Walker challenged the anonymity order protecting Simms, made under section 45 of the Youth Justice and Criminal Evidence Act 1999, after the teenager and 26-year-old Saffon Fakir, of Territorial Way, Oxford, were convicted.
The court had heard that the pair went to the scene of the murder just minutes after Lemonius, who had suffered some 80 injuries, was left for dead, in a bid to seize weapons and hide evidence of the attack.
Walker told Judge Pringle that Simms should be named because of the seriousness of the offence, and the deterrent element of naming defendants.
Simms would be 18 in December – at which point the anonymity given under the order would automatically end, meaning that he could be named then, he said.
He also argued that given the significant level of public interest in the case, lifting the anonymity order outweighed the need to keep it in place.
Simms’ defence counsel told the judge that these were weak arguments and that naming his client could open him up to reprisals while in youth detention before he turned 18.
But Judge Pringle decided to lift the order, saying that there was significant public interest in naming him Simms, particularly as he wold be 18 in a couple of months.
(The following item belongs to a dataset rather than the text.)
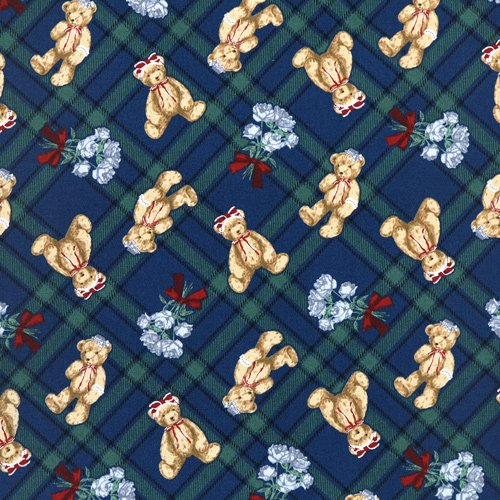 Adorable Cute Bear Tartan Plaid Roses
Walker said: “This was a large-scale murder trial which rocked the community and emotions at court were high as with any case on that scale coming to an end.
“I felt that given his conviction, his age being close to 18 and the enormous public interest in the trial locally we had a very good chance of overturning the order.
“It was important to challenge such reporting restrictions, he said.
“If I hadn’t bothered to stand up and make the challenge, a man convicted of a serious offence would remain anonymous both to the local community and the wider public.”